Sie kommen zurück an ihren Platz, er wieder hinter ihr, sie erwidert etwas auf eine Frage von ihm, und ich friere unwillkürlich, weil sie den Mund dabei zu einer schwarzen Höhlung öffnet, es sieht so zufällig und hilflos aus, vielleicht sagt sie gar nicht wirklich etwas, sondern kann bloß ihre schlaffen Lippen nicht länger zusammenhalten.

 

Sie kreuzt zufällig meinen Blick, bevor sie sich setzt, und in der kurzen Erstarrung ihrer Augen, die sofort wieder von Leere überschwemmt werden, erkenne ich sie endlich.

 

Was haben sie mit ihr gemacht.

 

27

 

Ich sitze auf der Frühstücksveranda in der Sonne.

 

„Liebe Mutter“, schreibe ich auf die Ansichtskarte. „Ich habe Glück mit dem Wetter. Zürich ist eine schöne Stadt. Gestern Abend war ich im Konzert.

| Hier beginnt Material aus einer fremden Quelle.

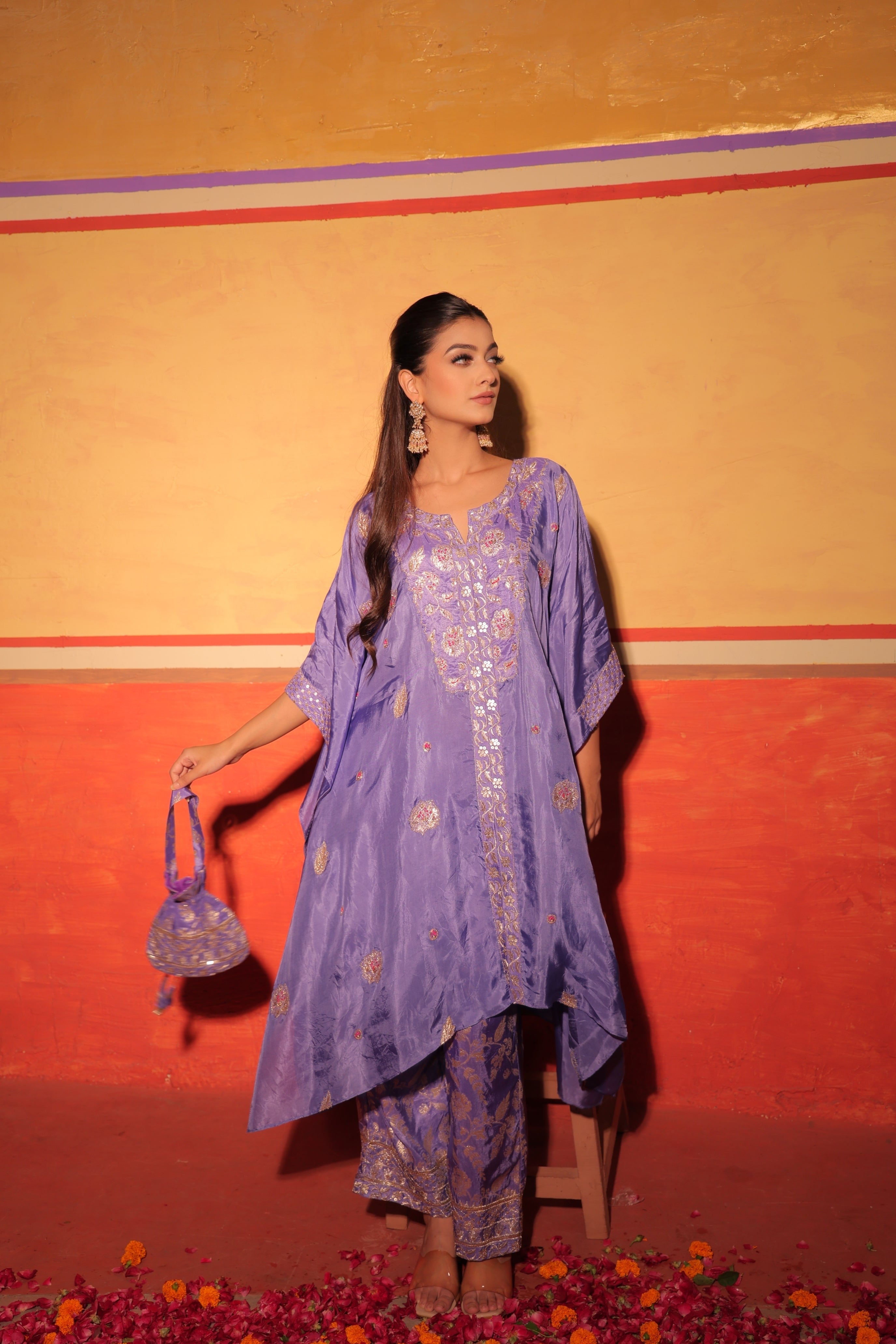 Lavender Brocade Kaftan Set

Es geht mir gut. Viele Grüße, auch an Gregor und Renate.“

 

Ich suche nach IHREM Bild in meiner Erinnerung, aber mein Kopf ist wie leergefegt. Ich sehe mich wieder den Aufzug in Mutters Hochhaus betreten. Es riecht nach gekochtem Gemüse. Gregor wartet oben schon auf mich.

 

Sie warten beide auf mich, Mutter und er, schließlich bin ich ihr Sohn.